Suka cita juga terwujud dalam persekutuan. Dalam ekaristi kita bersekutu dengan sesama dan Kristus sebagai kepalanya. Tapi sayangnya rasa persekutuan dalam ekaristi sudah semakin menipis. Banyak orang menjadi terasing ketika hadir dalam ekaristi. Dia tidak mengenal dan dikenal. Banyak orang hanya memusatkan diri untuk bersekutu dengan Yesus sehingga tidak peduli pada sesamanya. Rasa keterasingan ini membuat banyak orang menjadi enggan datang ke perjamuan. Akibat keterasingan ini orang menjadi tidak suka cita, sehingga ketika bernyanyi atau berdoa, mereka hanya seperti menjadi kewajiban. Semua nyanyian dan doa akan meriah bila memancar dari dalam hati yang suka cita. Bukan dari keindahan liturgi atau kehebatan sebuah koor. Koor hanya memberi semangat pada umat untuk bernyanyi, tapi bukan memunculkan suka cita. Orang hanya akan kagum mendengar keindahan musiknya saja.
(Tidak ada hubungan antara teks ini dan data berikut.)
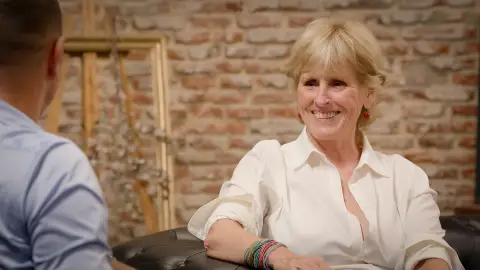 Mercedes Milá se sincera con Joaquín: “Yo quería ser política, el periodismo llegó por casualidad” Mercedes Milá se sincera con Joaquín: “Yo quería ser política, el periodismo llegó por casualidad”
Dalam misa harus ada persahabatan yang setara. Tidak ada lagi Yahudi atau Yunani. Tidak ada lagi Jawa atau Flores atau Cina atau yang lain. Semua adalah sahabat. Tidak ada lagi kaya atau miskin. Pejabat atau orang biasa. Semuanya setara. Persahabatan baru tumbuh bila ada kesetaraan. Memang di dunia tidak dapat dipungkiri bila ada kelas-kelas dalam masyarakat. Kelas-kelas ini sudah terbangun selama ribuan tahun. Orang kaya dianggap lebih tinggi dibanding orang miskin. Pejabat dianggap lebih tinggi dibandingkan orang tanpa jabatan. Memang tidak ada aturan tertulis yang mengatur tatanan ini, tapi aturan yang tidak tertulis masih kuat. Untuk itu perlu adanya perubahan mendasar dalam membangun hidup menggereja. Bila di dunia orang yang rendah jabatannya harus memberi salam terlebih dahulu pada orang yang dianggap lebih tinggi, maka dalam Gereja orang yang merasa dirinya lebih tinggi harus menyapa terlebih dahulu orang yang dianggap sederhana. Dalam hal ini dibutuhkan kerendahan hati dimana orang menghargai semua orang karena dia adalah sesamaku.

Kamis, 26 Agustus 2010

ANDAI AKU MATI HARI INI

Andai ada orang sakti yang mengatakan padaku bahwa hari ini aku akan mati, maka apa yang akan terjadi dalam hidupku? Apakah aku berusaha menikmati hidup sebelum kematian itu datang? Ataukah aku akan berdoa terus menerus sampai kematian itu datang? Atau aku tidak peduli dan beraktifitas seperti biasa? Ketika komet Halley, sebuah komet yang tampak dari bumi setiap 75 atau 76 tahun sekali, tampak pada sekitar April 1910, banyak orang mengira akan terjadi kiamat. Di beberapa tempat orang duduk di luar rumah sambil makan dan minum sampai mabok dengan harapan bila kiamat itu datang mereka sedang tidak sadarkan diri. Sebagian lain masuk dalam doa-doa agar bila kiamat itu datang maka mereka akan masuk surga.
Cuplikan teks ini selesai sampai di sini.